2. Handling Overfittin
For Bagging:
Limit tree depth (max_depth) to prevent overly complex trees.
Increase n_estimators until performance stabilizes.
For Boosting:
Use a lower learning rate (learning_rate) with more estimators.
Apply regularization (max_depth, min_child_weight, subsample, colsample_bytree).
Early stopping based on validation performance.
Apply cross-validation to detect overfitting before deployment.

3. Selecting Base Models
For bagging: Decision trees are a good choice because they have high variance and benefit from averaging.
For boosting: Decision trees (usually shallow, max_depth=3-6) are also common because they are weak learners that boosting can improve.
Could also test logistic regression, SVM, or neural networks depending on computational budget, but decision trees are most interpretable in finance.
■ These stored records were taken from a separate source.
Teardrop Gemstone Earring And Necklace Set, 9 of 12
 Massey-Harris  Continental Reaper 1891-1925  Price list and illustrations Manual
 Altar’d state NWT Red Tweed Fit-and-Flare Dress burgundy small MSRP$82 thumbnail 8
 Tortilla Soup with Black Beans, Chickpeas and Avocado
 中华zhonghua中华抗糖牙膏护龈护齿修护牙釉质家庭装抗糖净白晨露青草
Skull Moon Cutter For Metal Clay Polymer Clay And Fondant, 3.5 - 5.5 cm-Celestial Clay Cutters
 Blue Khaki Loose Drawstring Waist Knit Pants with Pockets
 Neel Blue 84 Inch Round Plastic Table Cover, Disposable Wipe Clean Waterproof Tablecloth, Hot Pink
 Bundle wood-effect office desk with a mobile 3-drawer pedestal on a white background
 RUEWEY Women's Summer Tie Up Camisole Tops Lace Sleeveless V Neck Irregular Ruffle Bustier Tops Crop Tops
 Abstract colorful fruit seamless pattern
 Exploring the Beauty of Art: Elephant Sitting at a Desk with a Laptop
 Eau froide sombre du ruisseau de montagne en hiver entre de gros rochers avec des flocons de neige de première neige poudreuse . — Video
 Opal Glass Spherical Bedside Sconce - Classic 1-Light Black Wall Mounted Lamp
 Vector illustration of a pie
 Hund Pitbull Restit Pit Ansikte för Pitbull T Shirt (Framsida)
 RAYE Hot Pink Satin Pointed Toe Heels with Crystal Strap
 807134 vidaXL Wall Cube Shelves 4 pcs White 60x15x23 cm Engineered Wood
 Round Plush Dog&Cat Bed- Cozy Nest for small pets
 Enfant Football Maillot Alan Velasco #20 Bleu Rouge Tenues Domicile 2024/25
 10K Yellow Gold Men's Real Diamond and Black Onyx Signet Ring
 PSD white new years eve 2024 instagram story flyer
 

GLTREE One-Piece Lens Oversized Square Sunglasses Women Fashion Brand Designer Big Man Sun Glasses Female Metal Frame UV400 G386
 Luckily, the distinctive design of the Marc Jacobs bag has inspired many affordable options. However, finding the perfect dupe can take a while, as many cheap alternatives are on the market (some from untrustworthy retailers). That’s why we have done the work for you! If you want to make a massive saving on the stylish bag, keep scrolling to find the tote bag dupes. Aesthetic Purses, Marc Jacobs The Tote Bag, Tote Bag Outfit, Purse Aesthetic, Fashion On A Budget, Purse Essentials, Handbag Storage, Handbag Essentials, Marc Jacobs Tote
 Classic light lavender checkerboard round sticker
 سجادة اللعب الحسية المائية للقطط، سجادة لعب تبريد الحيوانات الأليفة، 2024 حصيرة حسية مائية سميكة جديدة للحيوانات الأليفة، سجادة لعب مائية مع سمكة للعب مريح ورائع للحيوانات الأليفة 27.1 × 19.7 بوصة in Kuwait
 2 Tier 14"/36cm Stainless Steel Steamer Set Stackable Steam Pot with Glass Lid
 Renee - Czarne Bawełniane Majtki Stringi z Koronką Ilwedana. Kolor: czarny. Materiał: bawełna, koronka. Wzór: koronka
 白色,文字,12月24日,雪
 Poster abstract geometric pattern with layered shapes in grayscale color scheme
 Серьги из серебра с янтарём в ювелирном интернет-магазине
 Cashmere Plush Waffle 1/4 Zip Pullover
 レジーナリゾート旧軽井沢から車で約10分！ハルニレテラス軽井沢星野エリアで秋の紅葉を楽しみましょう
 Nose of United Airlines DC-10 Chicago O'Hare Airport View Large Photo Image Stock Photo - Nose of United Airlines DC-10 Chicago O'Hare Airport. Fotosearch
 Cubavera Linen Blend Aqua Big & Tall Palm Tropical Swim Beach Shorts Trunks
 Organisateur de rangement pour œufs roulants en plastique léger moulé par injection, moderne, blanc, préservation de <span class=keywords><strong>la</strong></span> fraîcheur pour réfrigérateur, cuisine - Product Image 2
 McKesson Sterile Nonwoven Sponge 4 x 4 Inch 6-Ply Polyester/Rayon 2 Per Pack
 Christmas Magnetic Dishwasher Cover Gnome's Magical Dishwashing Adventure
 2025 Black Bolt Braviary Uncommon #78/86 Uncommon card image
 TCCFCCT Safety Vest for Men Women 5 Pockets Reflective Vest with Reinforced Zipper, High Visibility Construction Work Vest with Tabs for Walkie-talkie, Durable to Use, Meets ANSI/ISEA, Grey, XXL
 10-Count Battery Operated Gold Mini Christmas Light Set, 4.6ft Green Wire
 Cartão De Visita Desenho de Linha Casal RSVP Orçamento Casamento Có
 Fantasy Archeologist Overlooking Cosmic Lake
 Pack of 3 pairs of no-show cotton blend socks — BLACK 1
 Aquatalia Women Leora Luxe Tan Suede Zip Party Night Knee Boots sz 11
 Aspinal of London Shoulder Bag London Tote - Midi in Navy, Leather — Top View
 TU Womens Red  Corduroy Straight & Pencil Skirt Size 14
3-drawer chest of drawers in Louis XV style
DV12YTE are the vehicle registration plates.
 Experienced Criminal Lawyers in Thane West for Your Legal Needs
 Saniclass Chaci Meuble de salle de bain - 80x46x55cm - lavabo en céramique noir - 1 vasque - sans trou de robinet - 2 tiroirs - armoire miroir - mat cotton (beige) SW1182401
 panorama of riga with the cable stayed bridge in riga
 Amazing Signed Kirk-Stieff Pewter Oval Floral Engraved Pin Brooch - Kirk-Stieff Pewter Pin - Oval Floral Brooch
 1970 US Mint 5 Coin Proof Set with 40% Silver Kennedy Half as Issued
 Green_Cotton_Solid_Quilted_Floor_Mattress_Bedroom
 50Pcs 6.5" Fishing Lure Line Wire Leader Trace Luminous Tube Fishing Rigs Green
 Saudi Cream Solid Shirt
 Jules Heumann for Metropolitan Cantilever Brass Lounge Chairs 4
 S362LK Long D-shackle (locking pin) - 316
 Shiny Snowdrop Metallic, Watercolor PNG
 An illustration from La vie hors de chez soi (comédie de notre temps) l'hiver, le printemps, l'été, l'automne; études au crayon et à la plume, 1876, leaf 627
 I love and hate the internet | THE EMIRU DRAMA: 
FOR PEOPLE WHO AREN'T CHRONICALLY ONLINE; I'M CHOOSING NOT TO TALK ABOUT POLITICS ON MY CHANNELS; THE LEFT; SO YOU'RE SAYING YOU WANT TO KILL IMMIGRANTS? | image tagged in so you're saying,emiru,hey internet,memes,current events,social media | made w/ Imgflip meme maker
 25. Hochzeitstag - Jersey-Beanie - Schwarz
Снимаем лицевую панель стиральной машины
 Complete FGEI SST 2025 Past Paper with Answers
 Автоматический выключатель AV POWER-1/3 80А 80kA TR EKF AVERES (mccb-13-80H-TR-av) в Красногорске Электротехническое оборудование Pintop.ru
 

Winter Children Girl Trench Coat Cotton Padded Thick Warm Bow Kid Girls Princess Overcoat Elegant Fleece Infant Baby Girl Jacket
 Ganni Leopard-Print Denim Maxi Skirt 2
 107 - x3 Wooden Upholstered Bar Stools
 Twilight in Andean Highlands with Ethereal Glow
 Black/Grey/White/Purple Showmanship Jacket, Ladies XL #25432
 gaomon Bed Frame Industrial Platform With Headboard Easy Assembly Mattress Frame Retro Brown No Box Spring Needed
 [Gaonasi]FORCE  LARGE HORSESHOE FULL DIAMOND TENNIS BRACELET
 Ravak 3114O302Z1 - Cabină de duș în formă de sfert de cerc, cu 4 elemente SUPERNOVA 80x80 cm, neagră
4. Evaluating Performance using Cross-Validation
Use Stratified K-Fold Cross-Validation to preserve the class distribution in each fold.
Metrics to evaluate:
AUC-ROC → Measures ability to separate default vs non-default cases.
Precision-Recall AUC → More informative for imbalanced datasets.
F1-score → Balances precision and recall for the “default” class.
Ensure results are averaged across folds to avoid bias from one split.

5. Justifying Ensemble Learning in this Real-World Context

Loan default prediction requires high accuracy because false negatives (predicting “no default” but actually defaulting) can cause large financial losses.
Ensemble learning improves decision-making by:
Combining multiple weak learners to reduce variance (bagging) or bias (boosting).
Handling noisy features and correlated variables better than a single model.
Providing more stable predictions, which increases trust from stakeholders.
Allowing feature importance analysis to help risk managers understand key drivers of default.

✅ Final takeaway:
In loan default prediction, I would begin with Boosting (e.g., XGBoost) for its ability to capture complex relationships and handle imbalanced data effectively, validate performance with Stratified K-Fold CV, apply regularization to prevent overfitting, and justify the approach to management based on improved stability, accuracy, and interpretability compared to single models.